Here’s a Google Map. And here’s the Shoreline Viewer.

Have the birds... I'll take the beach.

Okay, so I mentioned I had an excerpt for you. I’ve taken this from which has some nice information about Whitefish Point. Not sure if its the official website, but read this:

Whitefish Point is known as the Graveyard of Ships as more vessels have been lost here than in any other part of the lake. Hundreds of vessels, including the famed Edmund Fitzgerald, lie on the bottom of the bay and the approaches. The lighthouse marks the end of an 80 mile stretch of shoreline known as Lake Superior’s Shipwreck Coast. This light has shined onto the big lake unfailingly for almost 150 years except for the night when the Edmund Fitzgerald went down.

Raging northwest winds, building up over 160 miles of open water, create waves of unbelievable proportions. These violent storms and wild waters erupt with a suddenness that often catch sailors unprepared. The mountainous waves strike harder and more often that any ocean wave. The waves come roaring in from two or three different directions, ricocheting off the shores and returning with even more intensity.

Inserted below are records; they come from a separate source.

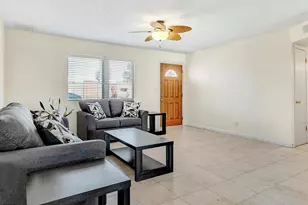 8226 E Plaza Ave, Scottsdale, AZ 85250 - Photo 6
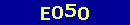 Validation's image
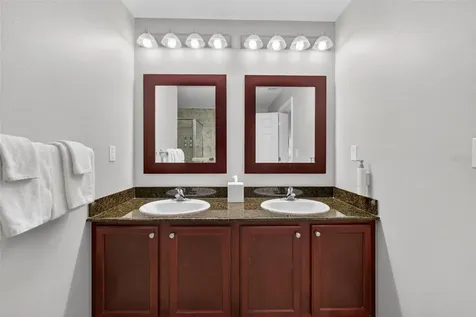 14501 Grove Resort Avenue Winter Garden FL 34787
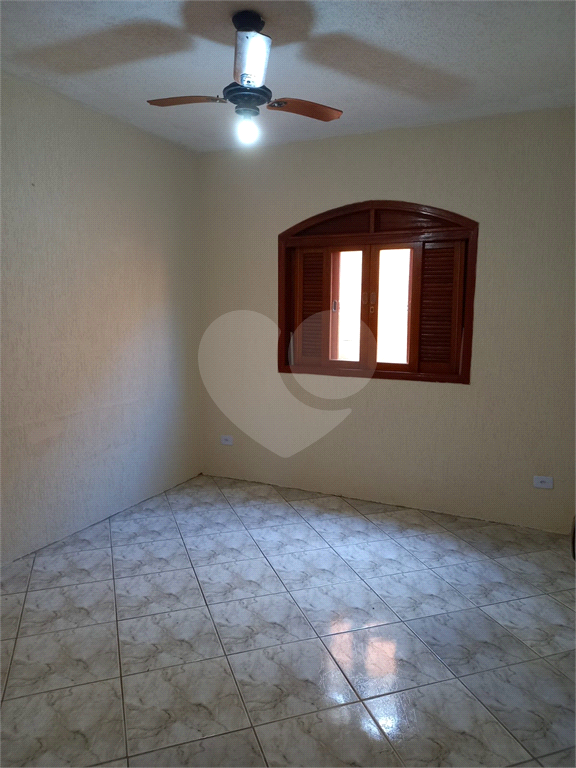 Casa à venda com 4 quartos, 291m² - Foto 12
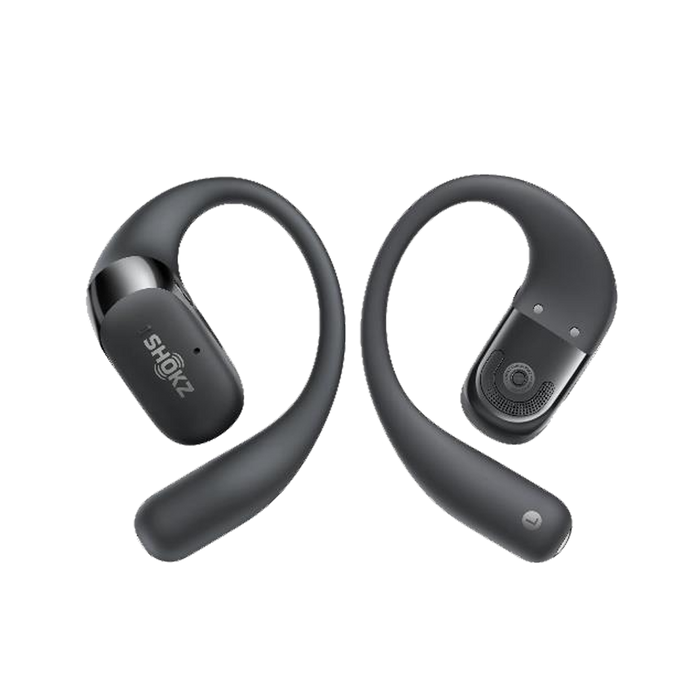 OpenFit 2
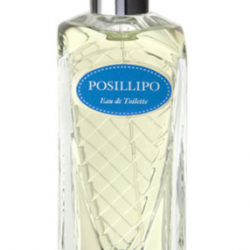 E. Marinella Posillipo EDT 75ml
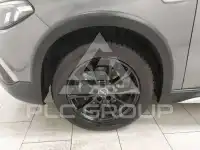 2021 Fiat Tipo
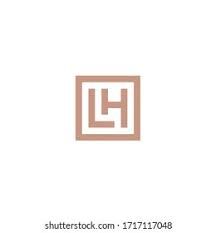 2,206 Lh logo Images, Stock Photos & Vectors | Shutterstock Lh Monogram, Logo Images, Logo Concept, Logo Inspiration, Ibm Logo, Royalty Free Stock Photos, Every Day, Stock Images, Tech Company Logos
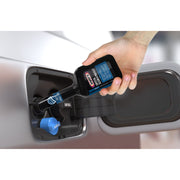 Wynns Crystal Clean And Protect 125ml Wynns - Dynamic Drive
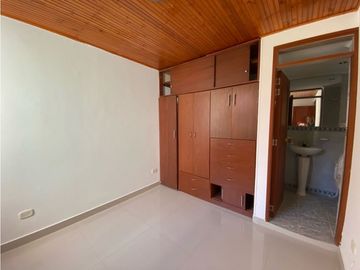 Vendo  apartamento en Soacha Conjunto Loretto
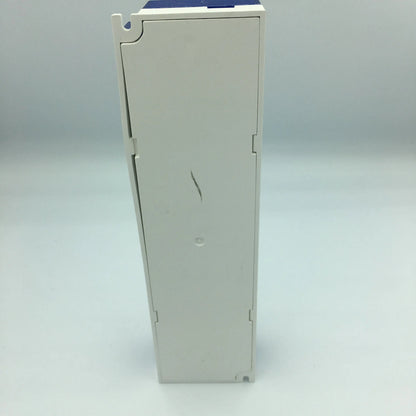 100W 12V LED Driver Single Output Switching LED Driver Supply Hagors IP20 Outdoor Power Supply Plastic Case CS-12-100W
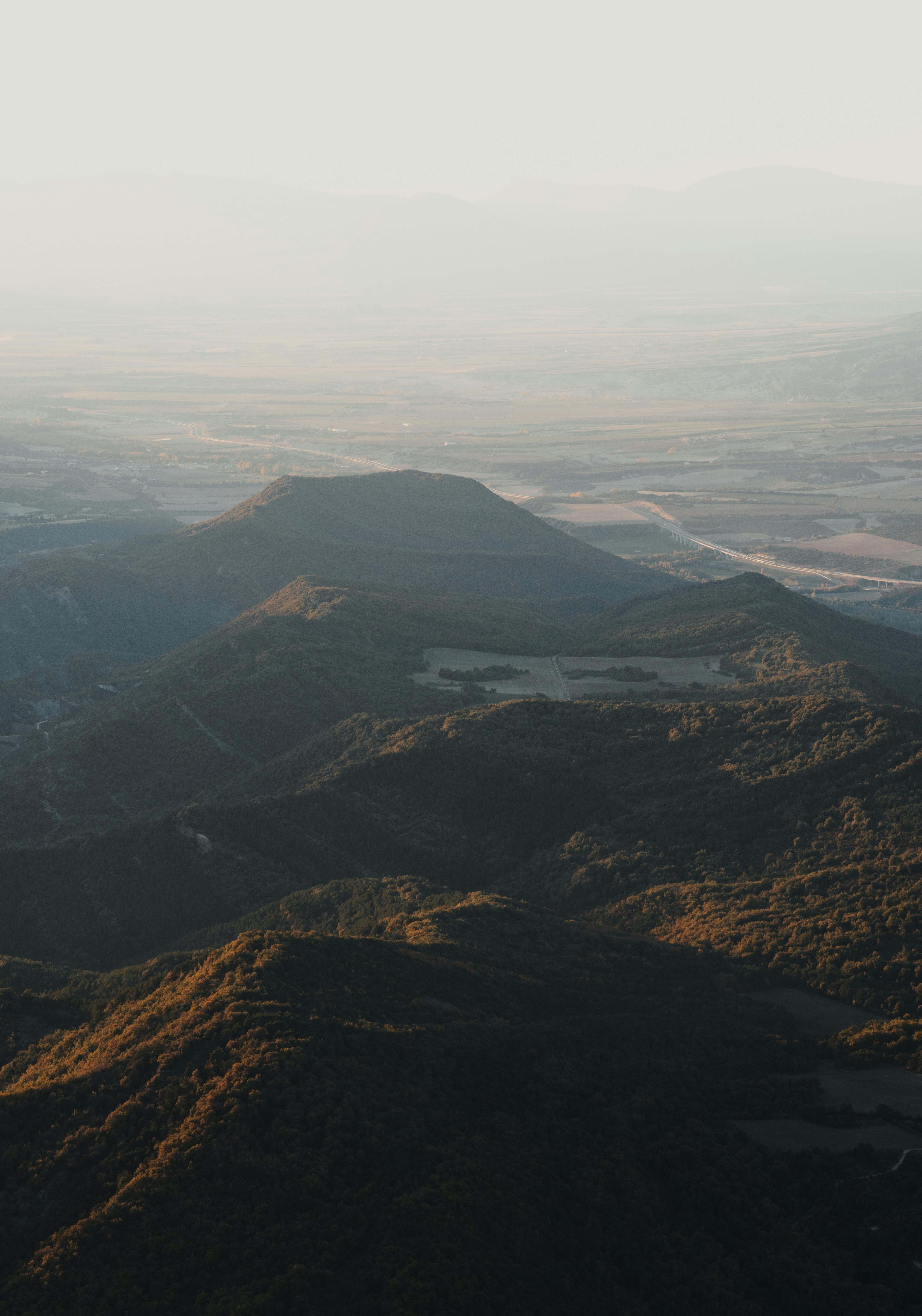 Photo by michielannaert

These monstrous storms, of hurricane force and duration, strike with all the ferocity and brutality of any ocean storm.

Lake Superior’s storm of 1905 in combined terms of snow, cold, wind, shipwreck, and heavy seas, is generally agreed to be the worst ever to strike the Great Lakes. In what seemed like minutes, the temperature dropped to twelve degrees below zero and a hurricane ripped the world of fresh water apart. Thirty vessels were wrecked on Superior, some were thrown out of the water.

At 4:30 pm on November 10, 1975, as the Edmund Fitzgerald struggled towards Whitefish Bay, forty-eight miles to the south, the light and the radio beacon at the remote navigational station at Whitefish Point suddenly clicked off. The Fitzgerald, already crippled by non-functioning storm damaged radar, was now without homing capability from the automated system at Whitefish. The Fitzgerald was left to fend for itself in unbelievable weather conditions.

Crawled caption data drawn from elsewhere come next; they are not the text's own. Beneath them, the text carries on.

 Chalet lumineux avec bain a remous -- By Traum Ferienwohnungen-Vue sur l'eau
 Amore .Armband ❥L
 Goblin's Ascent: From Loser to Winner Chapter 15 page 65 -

Captain McSorley, a 44 year veteran of the sea, described it: “We are taking heavy seas over our decks; it’s the worst sea I’ve ever been in”. At approximately 7:15 P.M., November 10, 1975, the 729-foot ore freighter Edmund Fitzgerald and her crew of 29 sailed into history.

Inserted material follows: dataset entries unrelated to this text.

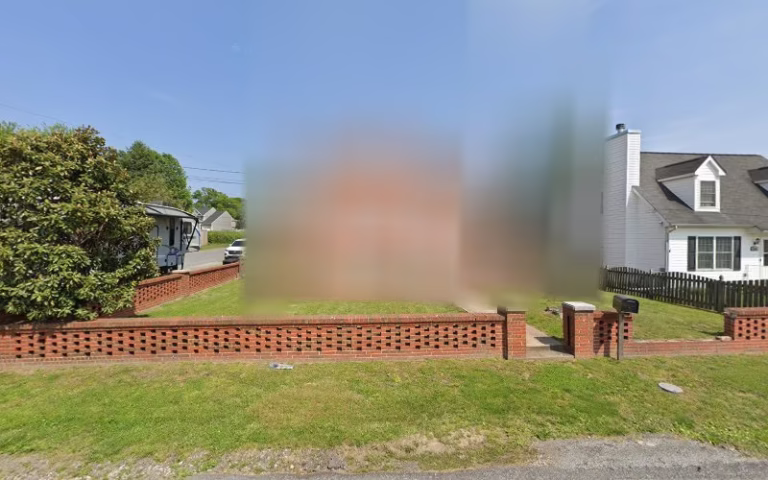 172713 ground guyz property services 768x480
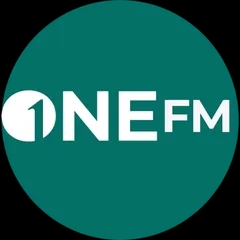 Radio ONE fm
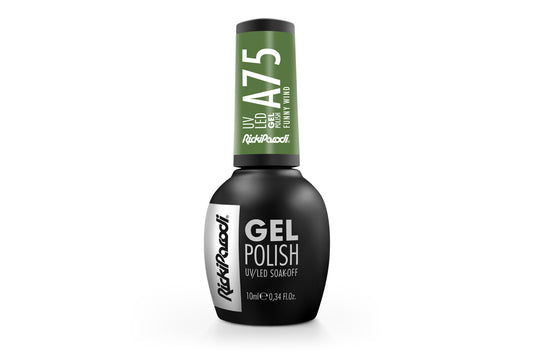 Verniz Gel RickiParodi Funny Wind A75 10 ml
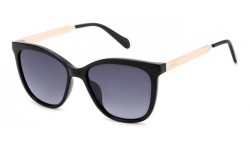 Fossil FOS 3142/S 807 (9O)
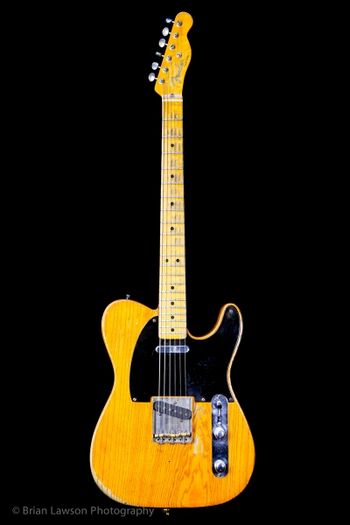 HR_s-Tele-front-108
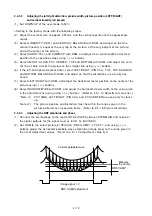 Preview for 45 page of NEC DPro2070SB Service Manual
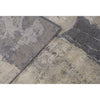 MONARCH P2047 GREY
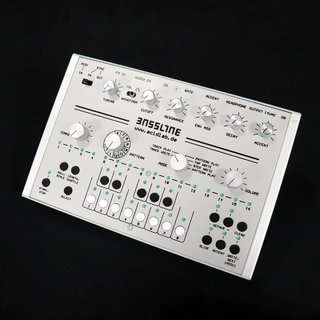 acidlab Bass Line3 【梅田店】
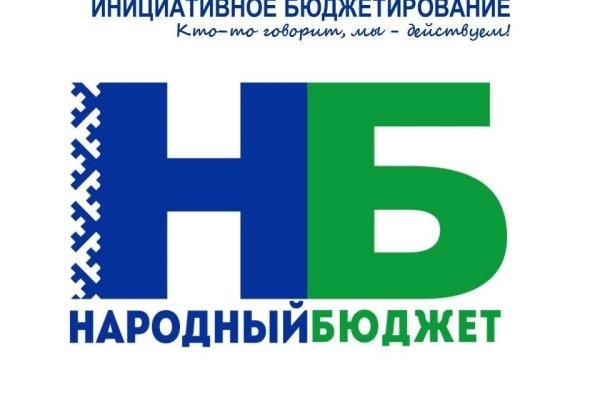 Муниципалитетам Коми в 2024 году на проекты 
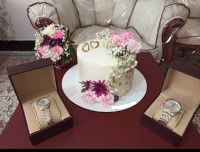 سالگردعقدمون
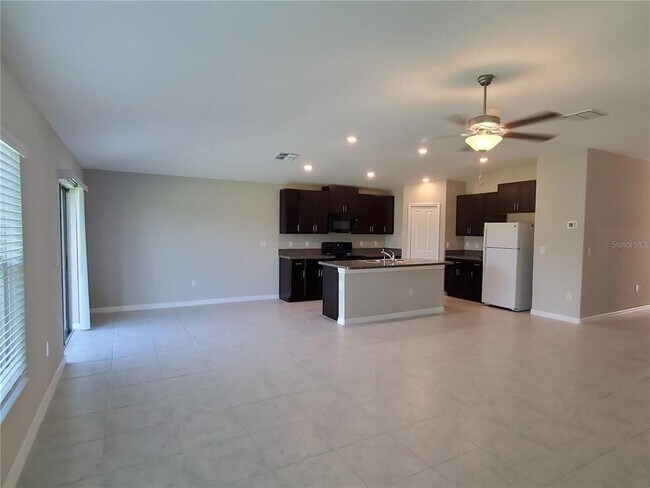Building Photo - 11103 Sage Canyon Dr.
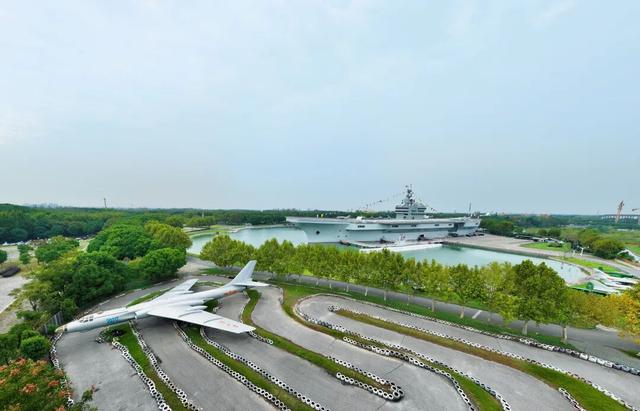 秋逛青浦省大钱！600万文旅消费券重磅发布，10月15日起上线！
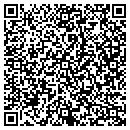 QR code with Full House Buffet contacts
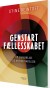 Genstart Fællesskabet - Bog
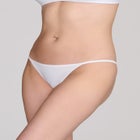The String Bikini- Cotton image number null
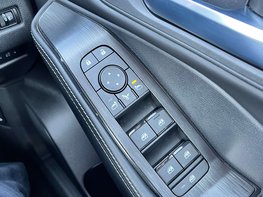 Nissan X-Trail 1.5 X-Trail N-Connecta E-Power A 5dr 67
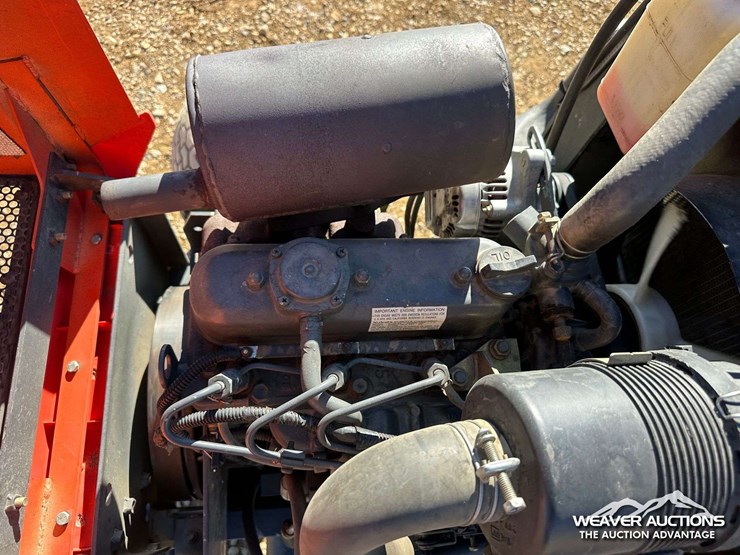 2006-kubota-f2880-image-31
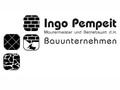 Bauunternehmen Ingo Pempeit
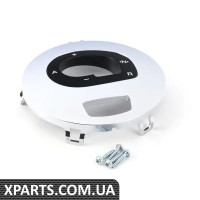 420713110WEN VAG Кришка - алюміній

Each year on November 10th, there is a Memorial Service at the Whitefish Point Light Station for the crew of the Edmund Fitzgerald. The ship’s bell is rung 30 times, once for each member of the crew and one time for all mariners who have been lost at sea. This service is open to the public.

First lit in 1849, the Whitefish Point Light shares honors with the lighthouse at Copper Harbor for being the first lights on Lake Superior. It stands guard over the entrance to Whitefish Bay, sometimes the only shelter to be found for a ship trying to escape the fury of the lake, and is the oldest active light on Lake Superior.